Robust Self-testing for Synchronous Correlations and Games
Prem Nigam Kar
TL;DR
The paper presents an operator-algebraic framework for robust self-testing of synchronous correlations and games, showing that robustness is equivalent to the existence of a unique implementing state on the minimised tensor-product $C^*$-algebra $\mathcal{A}_{XA}^{POVM} \tens_{\min} \mathcal{A}_{XA}^{POVM}$. It extends this characterization to synchronous games via unique amenable tracial states on the corresponding $C^*$-algebra, and proves that all robust self-tests arise from such unique states, including a first explicit separation between robust self-testing and commuting-operator self-testing.
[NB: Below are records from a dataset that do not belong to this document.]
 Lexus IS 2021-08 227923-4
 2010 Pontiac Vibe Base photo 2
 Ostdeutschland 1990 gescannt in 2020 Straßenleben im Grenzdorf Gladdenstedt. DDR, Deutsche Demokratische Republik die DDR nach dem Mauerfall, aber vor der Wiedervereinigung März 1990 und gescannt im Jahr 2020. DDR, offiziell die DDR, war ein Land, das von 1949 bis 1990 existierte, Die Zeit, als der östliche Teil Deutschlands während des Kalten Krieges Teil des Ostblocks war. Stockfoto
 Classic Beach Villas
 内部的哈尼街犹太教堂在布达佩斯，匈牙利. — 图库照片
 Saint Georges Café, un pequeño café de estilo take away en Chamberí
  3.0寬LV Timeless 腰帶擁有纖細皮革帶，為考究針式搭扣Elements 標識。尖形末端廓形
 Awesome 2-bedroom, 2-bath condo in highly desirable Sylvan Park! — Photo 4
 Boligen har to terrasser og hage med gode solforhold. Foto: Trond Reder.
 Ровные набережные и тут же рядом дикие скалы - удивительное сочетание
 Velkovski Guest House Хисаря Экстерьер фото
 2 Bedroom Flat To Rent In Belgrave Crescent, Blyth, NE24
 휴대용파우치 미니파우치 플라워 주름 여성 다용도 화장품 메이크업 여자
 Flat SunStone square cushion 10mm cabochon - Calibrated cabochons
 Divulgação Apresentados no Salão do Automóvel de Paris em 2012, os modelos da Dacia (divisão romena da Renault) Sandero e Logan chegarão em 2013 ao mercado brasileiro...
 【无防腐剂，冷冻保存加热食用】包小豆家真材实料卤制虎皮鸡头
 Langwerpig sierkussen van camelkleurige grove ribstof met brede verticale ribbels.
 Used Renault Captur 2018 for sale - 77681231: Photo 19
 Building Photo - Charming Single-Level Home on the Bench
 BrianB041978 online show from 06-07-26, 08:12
The work then applies these ideas to Linear Constraint System games and demonstrates the existence of a synchronous robust self-test that is not a commuting-operator self-test, thereby clarifying the landscape of self-testing across operator models. Overall, the results connect robust self-testing to abstract state self-testing, residually finite-dimensional algebras, and amenable traces, offering a principled route to proving robust self-testing in a broad class of synchronous correlations and games with potential implications for device-independent protocols and quantum complexity.
Abstract
We develop an abstract operator-algebraic characterization of robust self-testing for synchronous correlations and games. Specifically, we show that a synchronous correlation is a robust self-test if and only if there is a unique state on an appropriate $C^*$-algebra that "implements" the correlation. Extending this result, we prove that a synchronous game is a robust self-test if and only if its associated $C^*$-algebra admits a unique amenable tracial state. This framework allows us to establish that all synchronous correlations and games that serve as commuting operator self-tests for finite-dimensional strategies are also robust self-tests. As an application, we recover sufficient conditions for linear constraint system games to exhibit robust self-testing. We also demonstrate the existence of a synchronous nonlocal game that is a robust self-test but not a commuting operator self-test, showing that these notions are not equivalent.